Friday, February 26, 2010

Directory Search with multiple filters in .Net

Directory.GetFiles in .Net 3.5 and Directory.EnumerateFiles in .Net 4.0 neither supports multiple patterns when searching for files. The reason is that it uses FindFirstFile / FindNextFile of kernel32.dll which lacks the support.

Initial thought would be to create an extension method to the Directory class, but since it’s a static class that’s not possible. The second best choice is to create a short helper class instead.
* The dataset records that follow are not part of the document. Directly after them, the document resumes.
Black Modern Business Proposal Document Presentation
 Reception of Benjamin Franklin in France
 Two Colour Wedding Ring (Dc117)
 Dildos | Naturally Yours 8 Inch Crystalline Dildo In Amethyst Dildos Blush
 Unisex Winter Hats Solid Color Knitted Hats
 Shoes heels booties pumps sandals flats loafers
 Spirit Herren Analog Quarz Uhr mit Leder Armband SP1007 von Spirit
What we do is do a wildcard search with “*” and filter the results with a regular expression.

If you return a large result set the new Enumerable version in .Net 4.0 is preferable as it returns values to act on as you go along.

public static class MyDirectory
{
// Works in .Net 3.5 - you might want to create several overloads
public static string[] GetFiles(string path, string searchPatternExpression, SearchOption searchOption)
{
if (searchPatternExpression == null) searchPatternExpression = string.Empty;
Regex reSearchPattern = new Regex(searchPatternExpression);
return Directory.GetFiles(path, "*", searchOption).Where(file => reSearchPattern.IsMatch(Path.GetFileName(file))).ToArray();
}

// Works in .Net 4.0 - inferred overloads with default values
public static IEnumerable<string> GetFiles(string path, string searchPatternExpression = "", SearchOption searchOption = SearchOption.TopDirectoryOnly)
{
Regex reSearchPattern = new Regex(searchPatternExpression);
return Directory.EnumerateFiles(path, "*", searchOption).Where(file => reSearchPattern.IsMatch(Path.GetFileName(file)));
}

// Works in .Net 4.0 - takes same patterns as old method, and executes in parallel
public static IEnumerable<string> GetFiles(string path, string[] searchPatterns, SearchOption searchOption = SearchOption.TopDirectoryOnly)
{
return searchPatterns.AsParallel().SelectMany(searchPattern => Directory.EnumerateFiles(path, searchPattern, searchOption));
}
}